On 2 August 2017 the CMA published a consultation document to accompany its draft revised guidance on the appropriate amount of a penalty in respect of infringements of the prohibitions against anticompetitive agreements (Chapter I of the CA98 and Article 101 of the TFEU) and abuse of a dominant position (Chapter II of the CA98 and Article 102 of the TFEU). The consultation maintains the six-step fine calculation framework set out in the current guidance (published in September 2012) but proposes some limited changes to take account of recent decisional practice. The amendments aim to provide further transparency in the penalty-setting process and thereby increase certainty for businesses. They include:
(i) Starting point for fines. While the revised guidance retains 30 per cent of a company’s relevant turnover as the maximum starting point for the fine, it provides further detail as to how the CMA applies the percentage range in order to reflect the seriousness of the infringement, in particular in less severe cases.1 Although the CMA aims to avoid a prescriptive system, it will generally use a starting point of between 21 per cent and 30 per cent for the most serious types of infringement, including, from a Chapter I/Article 101 prohibition perspective, cartel activities (such as price fixing and market sharing) and other ‘by object’ infringements and, from a Chapter II/Article 102 prohibition perspective, conduct that is likely to have a serious exploitative or exclusionary effect (such as excessive and predatory pricing). A starting point of between 10 per cent and 20 per cent is likely to be appropriate for less serious ‘by object’ infringements and infringements ‘by effect’ under Chapter I/Article 101, and for infringing conduct under Chapter II/Article 102 that is less likely to be harmful. The CMA also proposes to clarify the factors it considers when deciding whether the starting point should be adjusted and that its seriousness assessment is made with regard to the specific circumstances of the case.

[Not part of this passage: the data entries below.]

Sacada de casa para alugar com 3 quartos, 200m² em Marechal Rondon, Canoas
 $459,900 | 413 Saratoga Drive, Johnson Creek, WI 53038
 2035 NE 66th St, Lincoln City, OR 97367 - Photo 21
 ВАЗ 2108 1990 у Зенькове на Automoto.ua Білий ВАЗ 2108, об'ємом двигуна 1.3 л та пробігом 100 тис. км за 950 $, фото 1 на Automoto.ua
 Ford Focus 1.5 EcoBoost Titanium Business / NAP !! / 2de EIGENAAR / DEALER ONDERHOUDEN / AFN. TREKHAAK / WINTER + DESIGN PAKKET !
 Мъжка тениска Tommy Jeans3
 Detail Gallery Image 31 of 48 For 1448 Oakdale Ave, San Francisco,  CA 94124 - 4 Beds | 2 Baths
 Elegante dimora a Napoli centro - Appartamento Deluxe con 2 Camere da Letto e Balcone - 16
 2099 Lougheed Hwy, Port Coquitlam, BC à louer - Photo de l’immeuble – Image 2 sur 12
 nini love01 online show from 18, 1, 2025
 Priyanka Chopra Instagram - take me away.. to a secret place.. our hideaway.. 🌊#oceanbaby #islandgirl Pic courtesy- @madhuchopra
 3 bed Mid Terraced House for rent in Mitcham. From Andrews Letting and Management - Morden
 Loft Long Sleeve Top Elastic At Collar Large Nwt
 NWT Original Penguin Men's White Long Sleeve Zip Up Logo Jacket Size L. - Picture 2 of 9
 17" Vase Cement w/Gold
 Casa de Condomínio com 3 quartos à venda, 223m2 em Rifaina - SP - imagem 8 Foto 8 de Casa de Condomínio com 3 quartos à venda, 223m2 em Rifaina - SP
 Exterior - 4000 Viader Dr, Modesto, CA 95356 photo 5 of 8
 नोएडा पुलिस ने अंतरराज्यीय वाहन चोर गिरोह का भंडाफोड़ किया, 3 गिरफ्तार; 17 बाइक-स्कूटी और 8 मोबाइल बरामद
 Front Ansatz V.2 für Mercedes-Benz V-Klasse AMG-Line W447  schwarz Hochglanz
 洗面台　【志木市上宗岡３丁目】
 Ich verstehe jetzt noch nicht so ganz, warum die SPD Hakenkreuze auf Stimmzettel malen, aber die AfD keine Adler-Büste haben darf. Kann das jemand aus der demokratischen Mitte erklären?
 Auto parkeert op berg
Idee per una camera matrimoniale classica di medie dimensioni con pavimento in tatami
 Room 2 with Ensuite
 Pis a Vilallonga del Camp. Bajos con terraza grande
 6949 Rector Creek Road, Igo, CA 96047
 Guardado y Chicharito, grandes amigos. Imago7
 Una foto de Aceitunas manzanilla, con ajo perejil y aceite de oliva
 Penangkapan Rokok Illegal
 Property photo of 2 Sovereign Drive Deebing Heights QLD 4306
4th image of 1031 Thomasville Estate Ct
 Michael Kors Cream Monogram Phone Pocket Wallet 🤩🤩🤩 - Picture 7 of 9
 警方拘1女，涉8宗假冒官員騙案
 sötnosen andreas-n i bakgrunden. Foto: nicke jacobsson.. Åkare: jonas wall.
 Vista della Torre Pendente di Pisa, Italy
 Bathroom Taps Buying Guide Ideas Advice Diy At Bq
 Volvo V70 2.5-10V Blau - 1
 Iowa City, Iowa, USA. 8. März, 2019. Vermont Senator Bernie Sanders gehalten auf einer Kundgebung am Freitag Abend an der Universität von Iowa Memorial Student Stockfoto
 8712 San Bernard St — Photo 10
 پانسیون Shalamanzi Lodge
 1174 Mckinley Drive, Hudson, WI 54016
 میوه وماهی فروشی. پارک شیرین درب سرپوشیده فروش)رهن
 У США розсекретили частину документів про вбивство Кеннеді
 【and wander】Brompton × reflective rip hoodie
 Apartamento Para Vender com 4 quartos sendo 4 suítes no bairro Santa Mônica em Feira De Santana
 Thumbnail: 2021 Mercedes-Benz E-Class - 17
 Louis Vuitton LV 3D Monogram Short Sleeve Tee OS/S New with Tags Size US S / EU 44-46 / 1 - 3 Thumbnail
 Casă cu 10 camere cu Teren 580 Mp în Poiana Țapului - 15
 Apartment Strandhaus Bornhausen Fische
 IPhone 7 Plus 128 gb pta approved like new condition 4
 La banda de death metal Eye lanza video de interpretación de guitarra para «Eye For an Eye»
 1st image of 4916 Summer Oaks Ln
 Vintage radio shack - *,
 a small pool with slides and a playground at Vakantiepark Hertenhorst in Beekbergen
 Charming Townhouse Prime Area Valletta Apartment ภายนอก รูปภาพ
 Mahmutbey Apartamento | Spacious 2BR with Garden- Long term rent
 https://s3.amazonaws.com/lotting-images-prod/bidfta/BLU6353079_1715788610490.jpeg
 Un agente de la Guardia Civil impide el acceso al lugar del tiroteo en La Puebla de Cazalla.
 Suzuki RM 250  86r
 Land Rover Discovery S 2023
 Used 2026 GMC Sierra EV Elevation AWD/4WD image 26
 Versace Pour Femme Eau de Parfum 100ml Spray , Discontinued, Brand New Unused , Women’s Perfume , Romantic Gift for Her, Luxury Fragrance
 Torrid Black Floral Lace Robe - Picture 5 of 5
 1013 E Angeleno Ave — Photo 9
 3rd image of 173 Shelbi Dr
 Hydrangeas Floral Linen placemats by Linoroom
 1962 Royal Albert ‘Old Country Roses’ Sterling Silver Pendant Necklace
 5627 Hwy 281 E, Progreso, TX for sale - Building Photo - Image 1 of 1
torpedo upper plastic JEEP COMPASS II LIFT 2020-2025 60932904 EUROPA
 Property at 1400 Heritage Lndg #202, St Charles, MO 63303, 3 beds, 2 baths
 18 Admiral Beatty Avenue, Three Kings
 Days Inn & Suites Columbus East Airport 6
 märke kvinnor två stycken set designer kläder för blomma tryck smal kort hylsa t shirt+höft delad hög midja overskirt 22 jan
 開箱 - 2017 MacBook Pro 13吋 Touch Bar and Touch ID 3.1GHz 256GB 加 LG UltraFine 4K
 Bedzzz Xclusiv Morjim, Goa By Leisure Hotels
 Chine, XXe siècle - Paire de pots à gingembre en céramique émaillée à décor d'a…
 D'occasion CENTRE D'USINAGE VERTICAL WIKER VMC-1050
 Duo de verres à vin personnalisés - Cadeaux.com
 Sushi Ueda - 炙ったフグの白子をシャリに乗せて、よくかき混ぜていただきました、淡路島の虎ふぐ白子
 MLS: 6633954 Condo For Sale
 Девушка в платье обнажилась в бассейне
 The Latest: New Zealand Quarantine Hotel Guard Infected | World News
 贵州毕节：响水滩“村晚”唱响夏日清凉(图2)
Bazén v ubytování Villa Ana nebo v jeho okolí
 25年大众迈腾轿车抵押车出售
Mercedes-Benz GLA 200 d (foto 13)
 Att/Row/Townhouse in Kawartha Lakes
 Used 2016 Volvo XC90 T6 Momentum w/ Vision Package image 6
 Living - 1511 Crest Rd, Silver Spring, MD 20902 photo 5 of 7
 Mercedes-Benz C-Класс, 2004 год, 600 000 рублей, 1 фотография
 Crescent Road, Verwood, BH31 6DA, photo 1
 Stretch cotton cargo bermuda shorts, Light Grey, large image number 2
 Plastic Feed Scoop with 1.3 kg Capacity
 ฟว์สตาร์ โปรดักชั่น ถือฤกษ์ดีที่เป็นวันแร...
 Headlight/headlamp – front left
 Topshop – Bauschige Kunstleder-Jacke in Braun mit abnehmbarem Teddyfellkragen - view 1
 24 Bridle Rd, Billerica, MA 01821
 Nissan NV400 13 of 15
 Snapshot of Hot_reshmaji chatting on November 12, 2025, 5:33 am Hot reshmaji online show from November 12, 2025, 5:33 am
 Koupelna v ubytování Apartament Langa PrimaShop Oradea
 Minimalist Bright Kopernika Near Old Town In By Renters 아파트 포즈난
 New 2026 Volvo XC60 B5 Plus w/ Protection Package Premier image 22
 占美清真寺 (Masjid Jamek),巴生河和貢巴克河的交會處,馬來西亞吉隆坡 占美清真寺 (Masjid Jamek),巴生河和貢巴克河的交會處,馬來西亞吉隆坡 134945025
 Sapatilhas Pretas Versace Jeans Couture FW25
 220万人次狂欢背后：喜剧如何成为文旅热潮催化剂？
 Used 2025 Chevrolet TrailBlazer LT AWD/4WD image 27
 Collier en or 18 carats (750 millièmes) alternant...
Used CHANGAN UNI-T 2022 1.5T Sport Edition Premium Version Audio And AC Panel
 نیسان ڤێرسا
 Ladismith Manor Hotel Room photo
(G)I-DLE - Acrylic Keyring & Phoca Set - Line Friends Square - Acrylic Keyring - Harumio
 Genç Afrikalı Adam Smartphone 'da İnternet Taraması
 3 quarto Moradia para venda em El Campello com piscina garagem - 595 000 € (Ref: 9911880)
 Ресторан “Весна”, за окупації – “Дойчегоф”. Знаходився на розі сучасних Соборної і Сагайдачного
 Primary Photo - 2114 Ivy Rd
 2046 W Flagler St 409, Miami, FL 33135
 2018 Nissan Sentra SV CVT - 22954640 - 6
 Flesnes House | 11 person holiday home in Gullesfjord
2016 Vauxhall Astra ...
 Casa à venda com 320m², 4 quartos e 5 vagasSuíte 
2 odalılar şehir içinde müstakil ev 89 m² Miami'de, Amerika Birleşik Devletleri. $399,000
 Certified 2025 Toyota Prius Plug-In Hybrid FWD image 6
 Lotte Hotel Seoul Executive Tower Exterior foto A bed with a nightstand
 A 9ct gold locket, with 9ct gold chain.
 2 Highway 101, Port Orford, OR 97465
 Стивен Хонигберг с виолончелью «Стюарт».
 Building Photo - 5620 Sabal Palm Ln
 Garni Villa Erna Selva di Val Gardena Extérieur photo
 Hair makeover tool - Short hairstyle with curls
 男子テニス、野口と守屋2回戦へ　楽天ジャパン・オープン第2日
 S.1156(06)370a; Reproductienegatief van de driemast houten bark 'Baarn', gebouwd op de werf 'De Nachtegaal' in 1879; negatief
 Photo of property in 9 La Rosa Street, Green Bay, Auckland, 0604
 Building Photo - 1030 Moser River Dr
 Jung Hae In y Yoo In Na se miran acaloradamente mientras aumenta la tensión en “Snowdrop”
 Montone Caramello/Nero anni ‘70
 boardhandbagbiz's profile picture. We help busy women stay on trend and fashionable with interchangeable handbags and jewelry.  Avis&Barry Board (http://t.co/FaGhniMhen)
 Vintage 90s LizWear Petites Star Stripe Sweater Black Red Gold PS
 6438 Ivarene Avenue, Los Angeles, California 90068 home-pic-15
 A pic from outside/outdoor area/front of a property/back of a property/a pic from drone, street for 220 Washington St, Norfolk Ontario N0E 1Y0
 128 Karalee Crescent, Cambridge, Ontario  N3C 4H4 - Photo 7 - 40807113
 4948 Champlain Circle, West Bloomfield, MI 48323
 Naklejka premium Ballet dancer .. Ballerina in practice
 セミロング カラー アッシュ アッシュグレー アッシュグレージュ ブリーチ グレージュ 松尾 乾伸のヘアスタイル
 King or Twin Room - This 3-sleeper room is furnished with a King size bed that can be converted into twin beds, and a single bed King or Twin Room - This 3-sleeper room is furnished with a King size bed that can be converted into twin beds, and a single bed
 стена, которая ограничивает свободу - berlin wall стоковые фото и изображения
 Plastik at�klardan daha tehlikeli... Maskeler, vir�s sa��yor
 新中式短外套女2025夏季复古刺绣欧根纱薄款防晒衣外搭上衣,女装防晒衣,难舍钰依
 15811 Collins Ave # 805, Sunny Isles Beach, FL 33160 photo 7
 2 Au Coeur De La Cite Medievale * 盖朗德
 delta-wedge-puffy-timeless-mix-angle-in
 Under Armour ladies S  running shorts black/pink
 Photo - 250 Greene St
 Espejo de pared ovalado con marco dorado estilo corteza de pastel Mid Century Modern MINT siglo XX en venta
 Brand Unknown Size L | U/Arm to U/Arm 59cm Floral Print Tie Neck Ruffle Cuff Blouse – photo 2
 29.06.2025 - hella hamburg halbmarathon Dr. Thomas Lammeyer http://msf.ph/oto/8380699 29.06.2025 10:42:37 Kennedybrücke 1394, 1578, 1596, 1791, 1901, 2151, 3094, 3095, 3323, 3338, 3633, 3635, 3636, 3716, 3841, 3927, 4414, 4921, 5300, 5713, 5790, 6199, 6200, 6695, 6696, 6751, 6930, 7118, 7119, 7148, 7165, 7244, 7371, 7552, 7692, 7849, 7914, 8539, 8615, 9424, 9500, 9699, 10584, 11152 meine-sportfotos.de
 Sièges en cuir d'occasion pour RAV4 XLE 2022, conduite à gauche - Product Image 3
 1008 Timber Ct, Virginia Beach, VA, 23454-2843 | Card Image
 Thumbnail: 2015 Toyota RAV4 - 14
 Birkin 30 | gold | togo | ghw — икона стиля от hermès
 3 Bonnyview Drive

(ii) Adjustment for aggravating and mitigating factors. The CMA plans to include failure to comply with competition law following receipt of a warning or advisory letter in respect of the same or similar conduct as an additional example of a potential aggravating factor. The CMA also describes in the revised guidance several additional factors that it considers show a clear commitment to competition law compliance, such that it may reduce the fine. These include a company publishing a statement on its website regarding its commitment to comply with competition law, and reviewing compliance activity periodically and reporting this to the CMA. In addition, the CMA intends to include the provision of voluntary witness interviews and/or witness statements as an example of when it may make a reduction for co-operation with the investigation.
(iii) Adjustment for specific deterrence and proportionality. The revised guidance states that the CMA will typically consider profit after tax, net assets and dividends as reliable indicators of a company’s size and financial position and that it may consider any relevant indicator over a period of time (usually three years) in order to get an accurate picture of a company’s true financial position.
(iv) Reductions for leniency and settlement. The CMA intends to update the fining guidance to reflect the possibility of a discount where a company obtains approval for its voluntary redress scheme.2
Interested parties are invited to submit their views on the proposed revisions, and also to indicate whether there are any other areas of the current fining guidance that could usefully be clarified, by 27 September 2017.